WARNING: at fs/namespace.c:586 __mntput()

I think the problem is that may_open() calls mnt_want_write(), but if
open doesn't succeed, mnt_drop_write() will not be called.

Miklos


2007-09-25 23:24:55

by Dave Hansen

[permalink] [raw]
Subject: Re: missing mnt_drop_write() on open error

On Wed, 2007-09-26 at 01:14 +0200, Miklos Szeredi wrote:
> I get this at umount, if there was a failed open():
>
> WARNING: at fs/namespace.c:586 __mntput()
>
> I think the problem is that may_open() calls mnt_want_write(), but if
> open doesn't succeed, mnt_drop_write() will not be called.

I see what you're talking about, and it does look like a bug to me. I'm
working on establishing where the 'struct file' gets created in relation
to all of this, and where best we should back out the write count.

I should have a patch in a few.

-- Dave

2007-09-26 01:21:34

by Dave Hansen

[permalink] [raw]
Subject: Re: missing mnt_drop_write() on open error

On Wed, 2007-09-26 at 01:14 +0200, Miklos Szeredi wrote:
> I get this at umount, if there was a failed open():
>
> WARNING: at fs/namespace.c:586 __mntput()
>
> I think the problem is that may_open() calls mnt_want_write(), but if
> open doesn't succeed, mnt_drop_write() will not be called.

Does this help? I'm also thinking that we should change the open_namei*
functions to simply return 'struct file *'. Those are the only users
other than NFS, and forcing the return of a file like that will force
users to do the fput() on it if they don't want it any more. We'd just
need to make sure no new may_open() users pop up. Any thoughts on that?

--

The r/o bind mount patches have an error in them:
they unconditionally take a mnt_want_write() on
all may_open() requests for writeable files. They
mistakenly do not mnt_drop_write() if may_open()
encounters an error.

---

lxc-dave/fs/namei.c | 39 ++++++++++++++++++++++++++++++---------
1 file changed, 30 insertions(+), 9 deletions(-)

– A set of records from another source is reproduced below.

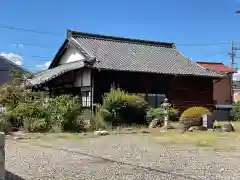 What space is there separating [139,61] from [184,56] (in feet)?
16.7

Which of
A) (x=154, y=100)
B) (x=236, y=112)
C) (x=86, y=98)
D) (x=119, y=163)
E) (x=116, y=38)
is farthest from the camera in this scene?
(x=116, y=38)

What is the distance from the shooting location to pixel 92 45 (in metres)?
24.9

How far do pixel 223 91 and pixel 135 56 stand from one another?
1555 cm

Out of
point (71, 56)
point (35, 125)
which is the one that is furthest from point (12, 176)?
point (71, 56)

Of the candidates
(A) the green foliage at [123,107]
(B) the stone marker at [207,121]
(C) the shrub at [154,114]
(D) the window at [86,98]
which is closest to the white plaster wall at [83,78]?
(D) the window at [86,98]

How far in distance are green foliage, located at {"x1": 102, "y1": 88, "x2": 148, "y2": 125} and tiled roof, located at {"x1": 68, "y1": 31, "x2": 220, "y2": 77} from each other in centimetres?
197

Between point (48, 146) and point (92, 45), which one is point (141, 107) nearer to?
point (92, 45)

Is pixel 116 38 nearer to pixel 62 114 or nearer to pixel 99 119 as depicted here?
pixel 99 119

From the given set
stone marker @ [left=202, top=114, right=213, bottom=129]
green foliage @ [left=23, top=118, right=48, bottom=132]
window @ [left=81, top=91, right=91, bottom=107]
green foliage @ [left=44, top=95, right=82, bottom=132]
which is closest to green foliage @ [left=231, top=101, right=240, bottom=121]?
stone marker @ [left=202, top=114, right=213, bottom=129]

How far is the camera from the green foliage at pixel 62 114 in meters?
17.2

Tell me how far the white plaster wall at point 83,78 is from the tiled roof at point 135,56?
98 centimetres

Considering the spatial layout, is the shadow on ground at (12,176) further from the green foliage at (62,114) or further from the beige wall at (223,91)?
the beige wall at (223,91)

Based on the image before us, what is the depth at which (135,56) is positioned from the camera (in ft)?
82.5

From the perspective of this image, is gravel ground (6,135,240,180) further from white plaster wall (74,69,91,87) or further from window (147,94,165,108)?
window (147,94,165,108) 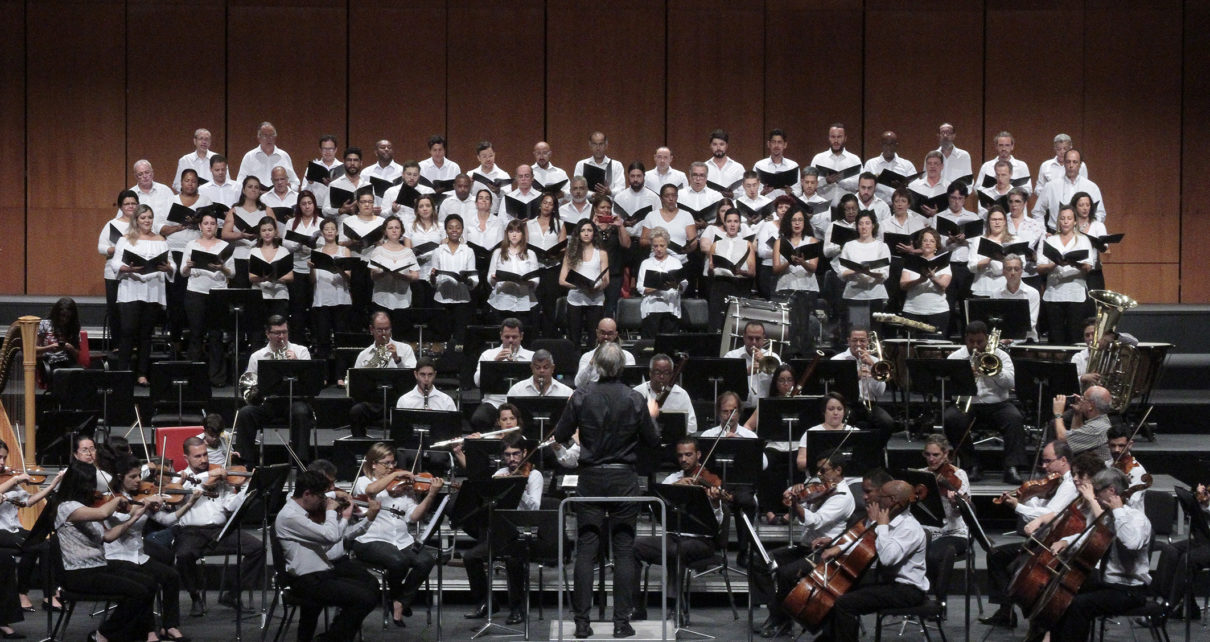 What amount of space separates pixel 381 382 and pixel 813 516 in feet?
10.7

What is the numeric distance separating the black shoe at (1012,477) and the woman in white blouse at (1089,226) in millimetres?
2620

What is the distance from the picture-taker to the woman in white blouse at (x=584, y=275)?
11.7 m

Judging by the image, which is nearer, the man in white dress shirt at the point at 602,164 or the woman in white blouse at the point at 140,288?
the woman in white blouse at the point at 140,288

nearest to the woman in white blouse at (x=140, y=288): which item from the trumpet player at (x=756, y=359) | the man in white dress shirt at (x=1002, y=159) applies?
the trumpet player at (x=756, y=359)

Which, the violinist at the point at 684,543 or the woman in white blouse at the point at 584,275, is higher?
the woman in white blouse at the point at 584,275

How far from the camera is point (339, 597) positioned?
7633mm

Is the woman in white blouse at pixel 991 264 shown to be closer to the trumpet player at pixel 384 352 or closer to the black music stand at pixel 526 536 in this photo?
the trumpet player at pixel 384 352

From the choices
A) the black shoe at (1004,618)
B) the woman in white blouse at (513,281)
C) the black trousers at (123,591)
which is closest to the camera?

diff -puN fs/namei.c~drop-write-if-may_open-fails fs/namei.c
--- lxc/fs/namei.c~drop-write-if-may_open-fails 2007-09-25 18:16:59.000000000 -0700
+++ lxc-dave/fs/namei.c 2007-09-25 18:16:59.000000000 -0700
@@ -1594,11 +1594,23 @@ int vfs_create(struct inode *dir, struct
return error;
}

+/*
+ * If you call this with FMODE_WRITE set in flag,
+ * and get a successful return, you will have
+ * acquired a write on nd->mnt.
+ *
+ * Basically, if you use this function, you either
+ * need to fix up that write count manually, or just
+ * return a 'struct file' from your function. When
+ * you __fput() that 'struct file' it will get fixed
+ * up automatically.
+ */
int may_open(struct nameidata *nd, int acc_mode, int flag)
{
struct dentry *dentry = nd->dentry;
struct inode *inode = dentry->d_inode;
int error;
+ int took_mnt_write = 0;

if (!inode)
return -ENOENT;
@@ -1624,42 +1636,48 @@ int may_open(struct nameidata *nd, int a
} else if (flag & FMODE_WRITE) {
/*
* effectively: !special_file()
- * balanced by __fput()
+ * Balanced by __fput() and
+ * released on error at the end
+ * of this function.
*/
error = mnt_want_write(nd->mnt);
if (error)
return error;
+ took_mnt_write = 1;
}

error = vfs_permission(nd, acc_mode);
if (error)
- return error;
+ goto out_err;
/*
* An append-only file must be opened in append mode for writing.
*/
if (IS_APPEND(inode)) {
+ error = -EPERM;
if ((flag & FMODE_WRITE) && !(flag & O_APPEND))
- return -EPERM;
+ goto out_err;
+ error = -EPERM;
if (flag & O_TRUNC)
- return -EPERM;
+ goto out_err;
}

/* O_NOATIME can only be set by the owner or superuser */
+ error = -EPERM;
if (flag & O_NOATIME)
if (!is_owner_or_cap(inode))
- return -EPERM;
+ goto out_err;

/*
* Ensure there are no outstanding leases on the file.
*/
error = break_lease(inode, flag);
if (error)
- return error;
+ goto out_err;

if (flag & O_TRUNC) {
error = get_write_access(inode);
if (error)
- return error;
+ goto out_err;

/*
* Refuse to truncate files with mandatory locks held on them.
@@ -1672,12 +1690,15 @@ int may_open(struct nameidata *nd, int a
}
put_write_access(inode);
if (error)
- return error;
+ goto out_err;
} else
if (flag & FMODE_WRITE)
DQUOT_INIT(inode);

- return 0;
+out_err:
+ if (error && took_mnt_write)
+ mnt_drop_write(nd->mnt);
+ return error;
}

static int open_namei_create(struct nameidata *nd, struct path *path,

-- Dave

2007-09-26 08:41:33

by Miklos Szeredi

[permalink] [raw]
Subject: Re: missing mnt_drop_write() on open error

> On Wed, 2007-09-26 at 01:14 +0200, Miklos Szeredi wrote:
> > I get this at umount, if there was a failed open():
> >
> > WARNING: at fs/namespace.c:586 __mntput()
> >
> > I think the problem is that may_open() calls mnt_want_write(), but if
> > open doesn't succeed, mnt_drop_write() will not be called.
>
> Does this help?

It didn't fix it for me, but the patch looks OK.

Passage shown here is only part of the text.